Fact That S.C. Decided the Case on Alternative Ground Does Not Undermine Intermediate Appellate Court’s Opinion, It Declares
By a MetNews Staff Writer
Div. One of the Fourth District Court of Appeal held Friday that notes a prosecutor took during voir dire are not absolutely privileged under the work product privilege, reiterating a conclusion it reached in 2019 and declaring that its pronouncement was not undermined by the California Supreme Court’s grant of review in that case and its rendering its decision on another ground.
Such notes are sought by Christopher Box who was convicted in San Diego Superior Court in 1990 on three counts of first-degree murder and other offenses and is pursuing habeas corpus relief in the U.S. District Court for the Southern District of California on the ground that Blacks were unlawfully excluded from the jury that tried him. Discovery of the prosecutor’s notes was denied by San Diego Superior Court Judge Howard H. Shore.
The appeals court granted Box’s petition for a writ of mandate. It did not order production of the notes but did remand the case, saying:
“Unless the People articulate a foundational basis for shielding some portion of the jury selection notes from discovery, those materials must be turned over to Box in their entirety.”

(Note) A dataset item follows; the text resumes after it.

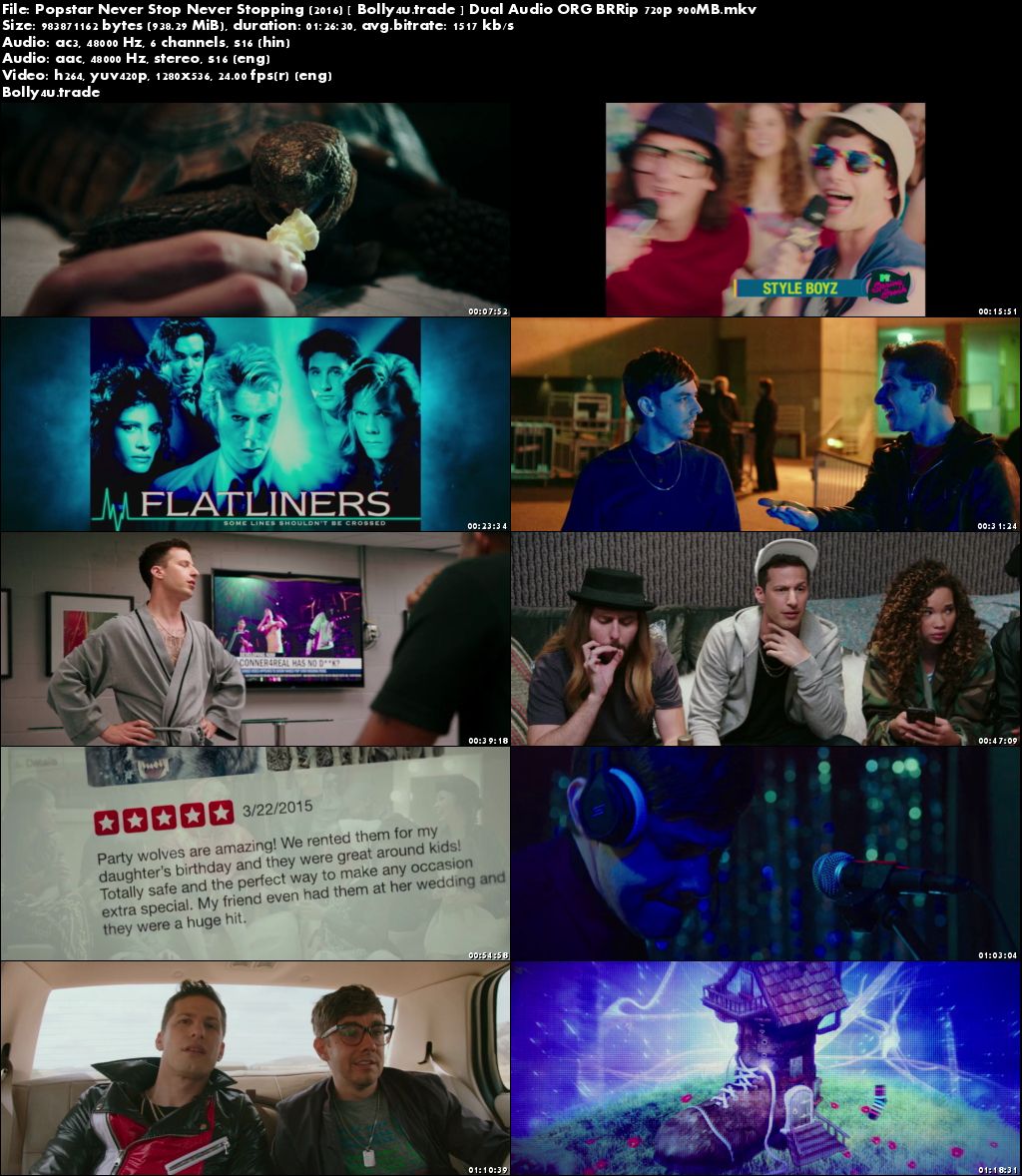 Popstar Never Stop Never Stopping 2016 BRRip 900Mb Hindi Dual Audio 720p Download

Justice William Dato authored Friday’s opinion. Acting Presiding Justice Richard D. Huffman wrote the panel’s April 9, 2019 opinion in People v. Superior Court (Jones), in which Huffman said:
“We are tasked with determining whether the work product privilege remains absolute when a court has an obligation to evaluate the intent of the prosecution, and the written mental impressions themselves may reveal an effort to unlawfully exclude prospective jurors based on race or gender.”
He concluded in light of “the importance of avoiding discrimination in jury selection,” the trial judge dd not err in order release of the notes to the defendant’s counsel who was seeking habeas relief.
Huffman also said that if the privilege did exist, it was waived when the prosecutor alluded to the notes in responding to a Batson/Wheeler motion.
The Supreme Court granted review, affirming in 2021, solely on the ground of waiver. Dato wrote: “Absent waiver of work product privilege, must a prosecutor’s jury selection notes be produced in postconviction discovery under Penal Code section 1054.9 to facilitate a Batson/Wheeler challenge? This is an issue we previously addressed in People v. Superior Court (Jones)…(Jones I). In People v. Superior Court (Jones)…(Jones II), the Supreme Court sidestepped the applicability of work product privilege by finding a waiver on the facts of that case. But it did not depublish Jones I, nor did it say anything in Jones II that cast doubt on our reasoning with respect to the general inapplicability of the work product privilege to jury selection notes in the Batson / Wheeler context.
“Accordingly, Jones I remains good law and we reaffirm the correctness of the conclusions we reached in that opinion. Where a prima facie case of racial bias under Batson/Wheeler has been made, a defendant is entitled to discover the prosecution’s jury selection notes under section 1054.9. Those notes are not categorically shielded from discovery by the absolute work product privilege….To the extent the People maintain that those notes reflect the prosecution’s impressions, conclusions, opinions, or legal research and theories about case strategy independent of conclusions or impressions about prospective jurors, they bear the burden to make that foundational proffer and seek appropriate redactions from the trial court.”
He remarked: “It seems unlikely that a prosecutor’s jury selection notes will reveal impressions, conclusions, or opinions about the legal theory of the case, as opposed to impressions about particular jurors.”
The case is Box v. Superior Court (People), 2023 S.O.S. 3.